- **Work required**:
What appears from the first line of the data below through the line containing "The Pathfinder - The Inland Sea", both included, should be copied exactly, and nothing else.
/---
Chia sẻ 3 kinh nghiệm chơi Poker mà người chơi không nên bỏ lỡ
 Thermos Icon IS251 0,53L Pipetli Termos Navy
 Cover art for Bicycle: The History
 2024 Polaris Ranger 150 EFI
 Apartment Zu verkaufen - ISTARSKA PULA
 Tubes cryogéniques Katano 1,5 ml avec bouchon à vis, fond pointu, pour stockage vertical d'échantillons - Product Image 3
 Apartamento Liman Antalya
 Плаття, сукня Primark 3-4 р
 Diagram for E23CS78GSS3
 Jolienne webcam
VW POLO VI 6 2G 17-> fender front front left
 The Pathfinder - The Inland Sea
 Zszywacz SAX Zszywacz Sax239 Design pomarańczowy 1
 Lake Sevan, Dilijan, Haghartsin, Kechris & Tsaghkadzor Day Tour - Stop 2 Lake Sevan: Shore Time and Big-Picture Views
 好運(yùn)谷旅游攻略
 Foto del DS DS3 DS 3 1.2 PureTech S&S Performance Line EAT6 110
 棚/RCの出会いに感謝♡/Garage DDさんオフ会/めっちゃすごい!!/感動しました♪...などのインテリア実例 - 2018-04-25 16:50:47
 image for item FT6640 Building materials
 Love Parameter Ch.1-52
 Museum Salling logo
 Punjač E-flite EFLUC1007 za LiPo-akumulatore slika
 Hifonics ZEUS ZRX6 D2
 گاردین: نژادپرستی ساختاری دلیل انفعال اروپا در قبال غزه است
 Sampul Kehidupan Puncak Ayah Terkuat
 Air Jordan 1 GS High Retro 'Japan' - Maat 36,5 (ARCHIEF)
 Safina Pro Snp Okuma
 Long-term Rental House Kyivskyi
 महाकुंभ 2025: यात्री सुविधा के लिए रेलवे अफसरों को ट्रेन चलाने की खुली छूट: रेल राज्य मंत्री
\---
- **Response to this task**:
Chia sẻ 3 kinh nghiệm chơi Poker mà người chơi không nên bỏ lỡ
 Thermos Icon IS251 0,53L Pipetli Termos Navy
 Cover art for Bicycle: The History
 2024 Polaris Ranger 150 EFI
 Apartment Zu verkaufen - ISTARSKA PULA
 Tubes cryogéniques Katano 1,5 ml avec bouchon à vis, fond pointu, pour stockage vertical d'échantillons - Product Image 3
 Apartamento Liman Antalya
 Плаття, сукня Primark 3-4 р
 Diagram for E23CS78GSS3
 Jolienne webcam
VW POLO VI 6 2G 17-> fender front front left
 The Pathfinder - The Inland Sea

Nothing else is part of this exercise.